I will be there around 7ish to insure AK is not "pay-lake'in" my chummed spot...lol


----------



## crappielooker

dood..dont worry about it...i'll take my sweet time gettin there tomorrow..


----------



## TimJC

I'm leaving from Cincy now. I should still be there at sunrise (gotta get gas, coffee & money).


----------



## RiverRat

Well since noone else has posted yet.....

I arrived at COSI at 6:30am and was the first to arrive(yes i finally beat AK to an event..lol). About 20 mins later Ak shows up, i was just sitting up my rods.
I probably got the first fish around 7:30am, a small low single digit fish, but a start.
TimJC showed up around day break, followed by Phil, CW & Catking and our South African gentleman and his 2 boys(sorry i can never seem to remember his name?)...then Sean, John & his son..then Shawn showed up.
I got some other single digit fish and im sure Tim got one not long after he set up and got rods in the water.
My buddy Jake showed and fished next to me and started to kick my butt on MY baits, My method mix fished over MY chum...geez!..lol
I think his big fish went 17 lbs.
The bite was on and off all through out the morning, but slowed down a LOT in the afternoon. I did manage 2 nice fish with the first going 16 lbs then another at 18lbs...we got a lot of hits, but 1/2 of them were lost to unseen snags.
I know together Jake & I lost atleast 12 rigs(maybe more)...man!

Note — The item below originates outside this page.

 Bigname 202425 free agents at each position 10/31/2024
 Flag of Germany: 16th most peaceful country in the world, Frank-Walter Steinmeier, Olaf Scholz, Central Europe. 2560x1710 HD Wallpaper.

Bill showed up also in the afternoon times, good to see ya again Bill.
Also my other Fishing partner Dave showed up late afternoon to see what was happening...both of these guys will be joining CAG this winter as they see just how much fun we all have.

Well i wish i could report that everyone caught loads of fish and the bite lasted all day, but it was not to happen...I think Jake & I ended up with around 10 fish total....Tim caught one, Our friends from S. A. caught a few and CW got into a few too.....and not to forget Sean's Ultra Light carp that ended up being hand-lined in..lol...only you Sean  .

Well was great to see the Ohio guys once more before the cold sets in and puts an end to another season of Fish-Ins...i had a blast this year at the events i could attend....as always, great to spend bank time with great guys, no matter what the fishings like. 

Shawn, THANKS A TON for the "freebies", they will be widely used(caught my last 2 fish on those feeders)..thanks again.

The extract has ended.